Perbaikan Tata Kelola Distribusi LPG 3 Kg
Komisi XII DPR RI juga mendorong pemerintah untuk segera memperbaiki sistem tata kelola distribusi LPG 3 kg agar lebih tepat sasaran ke depannya. Bambang menegaskan bahwa meskipun kebijakan ini penting untuk memastikan distribusi stabil, tata kelola yang lebih efisien tetap harus diperhatikan.
“Kami juga mendukung langkah pemerintah untuk melakukan perbaikan sistem tata kelola pendistribusian LPG 3 kg agar lebih tepat sasaran. Namun dengan tetap memperhatikan rantai pasok dan distribusi tetap stabil untuk masyarakat,” tambah Bambang.
Kritik atas Pembatasan Mendadak
Namun, Komisi XII DPR RI juga mengkritik kebijakan mendadak yang diambil oleh Kementerian ESDM, yang membatasi distribusi LPG 3 kg dengan menghapus pengecer dari mata rantai distribusi pada 1 Februari 2025. Wakil Ketua Komisi XII DPR RI Sugeng Suparwoto menilai kebijakan ini diterapkan tanpa persiapan matang, sehingga memicu kepanikan dan antrean panjang di berbagai daerah.
“Pemangkasan mata rantai distribusi di tingkat pengecer dilakukan tanpa persiapan infrastruktur yang memadai. Ini seperti orang yang biasanya beli beras di warung, kini harus beli langsung di gilingan padi,” kata Sugeng dalam konferensi pers di ruang rapat Komisi XII DPR, Senayan, Jakarta, Selasa (4/2).
Sugeng menyebut, meskipun pasokan LPG 3 kg masih cukup tersedia di Indonesia, perubahan distribusi yang mendadak menyebabkan fenomena ‘panic buying’ dan kesulitan bagi masyarakat untuk mendapatkan gas tersebut.
“Kebijakan ini pada dasarnya bertujuan baik, yakni untuk memastikan subsidi LPG 3 kg tepat sasaran. Tapi, pelaksanaannya yang tiba-tiba tanpa uji coba lapangan justru menimbulkan kekacauan di masyarakat,” jelas Sugeng.
Dukungan Terhadap Perbaikan Sistem yang Matang
Sugeng juga menekankan bahwa perubahan dalam distribusi LPG 3 kg harus dirancang dengan matang dan melalui simulasi lapangan terlebih dahulu untuk memastikan tidak menimbulkan kebingungan di masyarakat. Masyarakat, terutama yang bergantung pada subsidi LPG 3 kg, harus diperhatikan dengan seksama agar tidak dirugikan oleh perubahan tersebut.

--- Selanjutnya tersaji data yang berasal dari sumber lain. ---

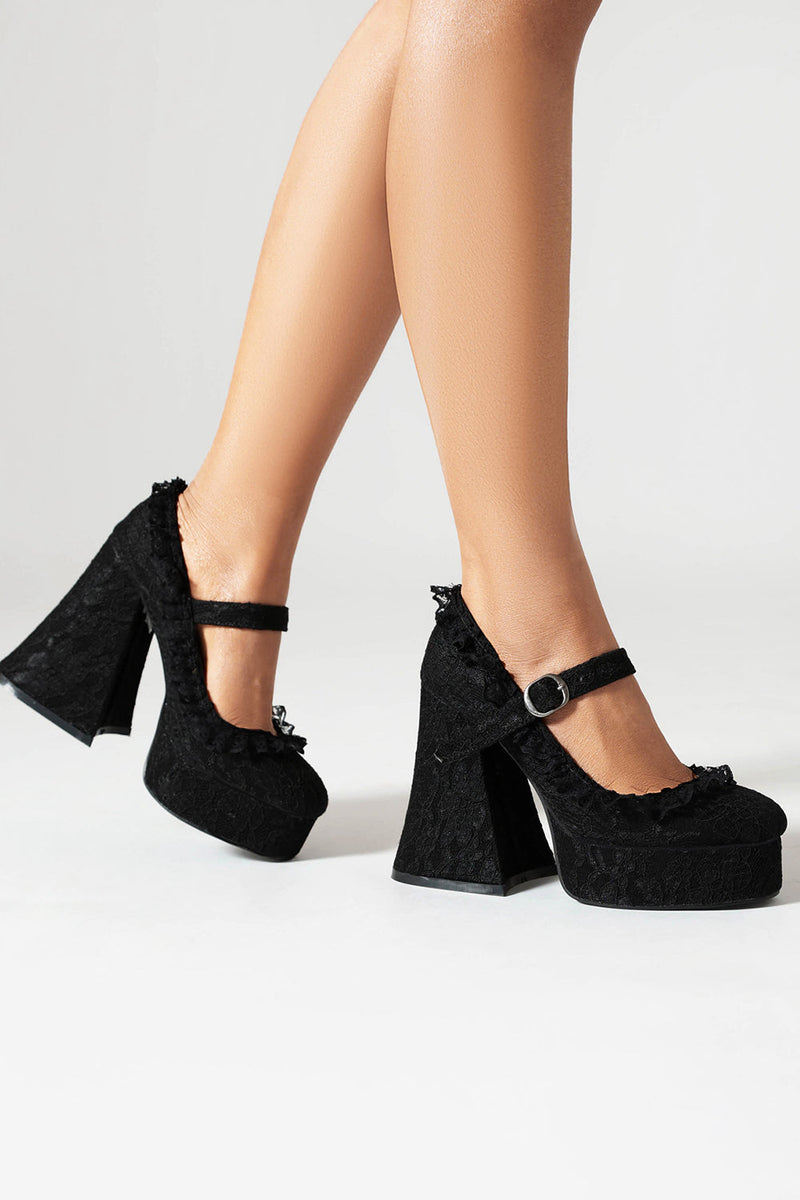Elegantes Plateauschuhe Damen Schwarz Ebenbild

“Masyarakat kebingungan. Kementerian ESDM seharusnya melakukan simulasi terlebih dahulu sebelum menerapkan kebijakan ini agar tidak menimbulkan kegaduhan,” tambah Sugeng.
Dalam APBN 2025, subsidi LPG 3 kg diperkirakan mencapai Rp87 triliun, yang merupakan salah satu alokasi subsidi energi terbesar. Oleh karena itu, setiap perubahan dalam distribusi gas subsidi ini harus diperhitungkan dengan seksama agar tepat sasaran tanpa merugikan masyarakat kecil yang sangat bergantung pada gas subsidi tersebut.